18

山風蠱(さんぷうこ)の時、望みは大いにかなう。大川を渡っても良い。そのためには、戦争をする三日前に用意をし、三日後には戦争が終結するよう迅速に腐敗を取り除くことだ。

卦の意味
「蠱」は腐敗のこと。この卦は、上卦の山に阻まれて、下卦の風が吹き通れず滞り、ものを腐敗させる象をあらわしています。蠱の字を見ても、皿の上は腐敗してウジ(三匹の虫)が湧いています。また、上位者(艮)は動かず、下の人(巽)は盲従するので組織は停滞します。山風蠱のときは、食べ物が腐るように、内側から乱れ、破綻していくときです。どんなに表面はよくみえても、その内部はどろどろした難問が山積しています。このような状態は放置するとますます悪くなります。
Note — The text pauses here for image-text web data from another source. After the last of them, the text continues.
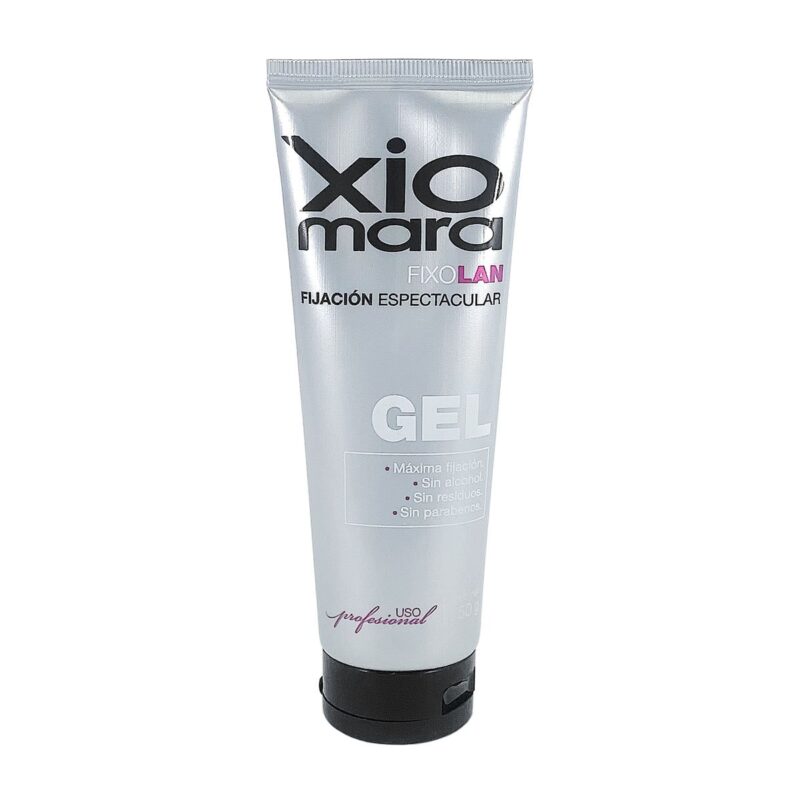 Gel para Cabello de Fijación Espectacular Xiomara Fixo Lan 250 g
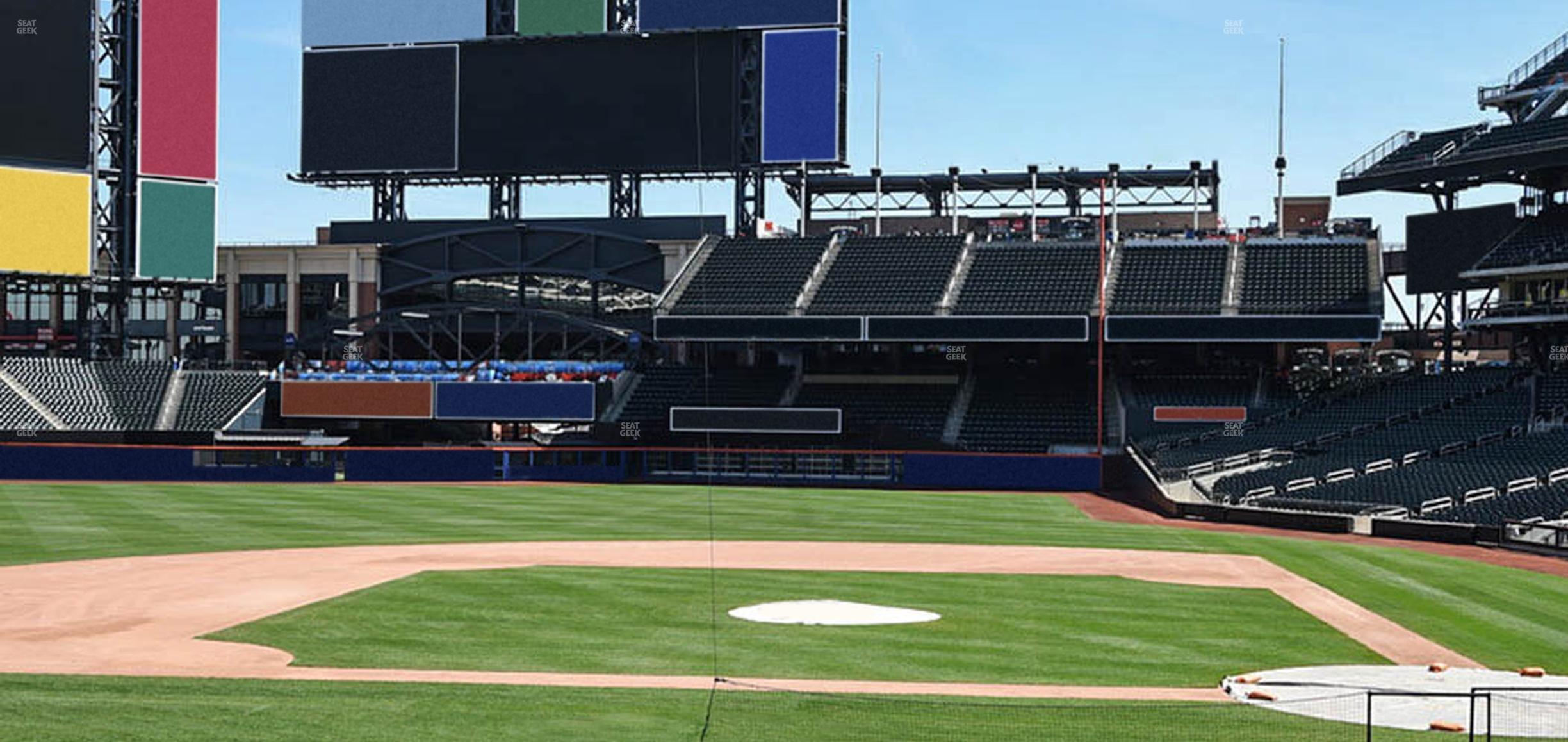 Seating view for Citi Field Section Delta Sky360 Club H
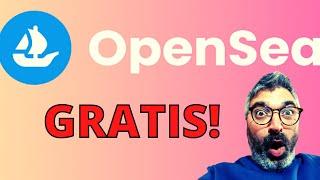 Come Pubblicare GRATIS un NFT su Opensea!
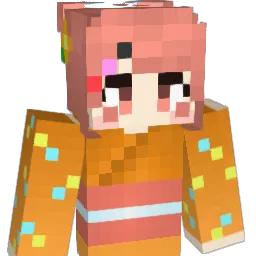 umimon12 Minecraft avatar bust
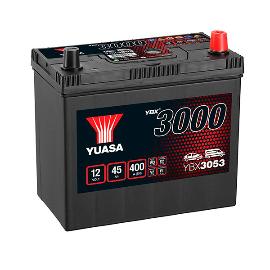 Batterie voiture Yuasa YBX3053 12V 45Ah 400A photo du produit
たとえ親の過ちでも、子は勇気をもって正していかなければならないというのです。

仕事
これまでのやり方を改めたほうがいい。先に進むよりも、内部の秩序を建て直して、新しい気持ちで再出発しよう。前方には再建の困難が見えているから、柔軟に、しかも難題を吹きとばすような力強さで進まねばならない。会社では経理のごまかしがあったり、社内不倫があったりのとき。上の人は何もせず、下の人はイエスマンばかりで、まとまりにくい。

爻辞(初爻)
父の失敗の後始末をする。意を引き継いで改革をなしとげる子があるならば父にも咎めはないであろう。危ういところがあるが最終的には、吉。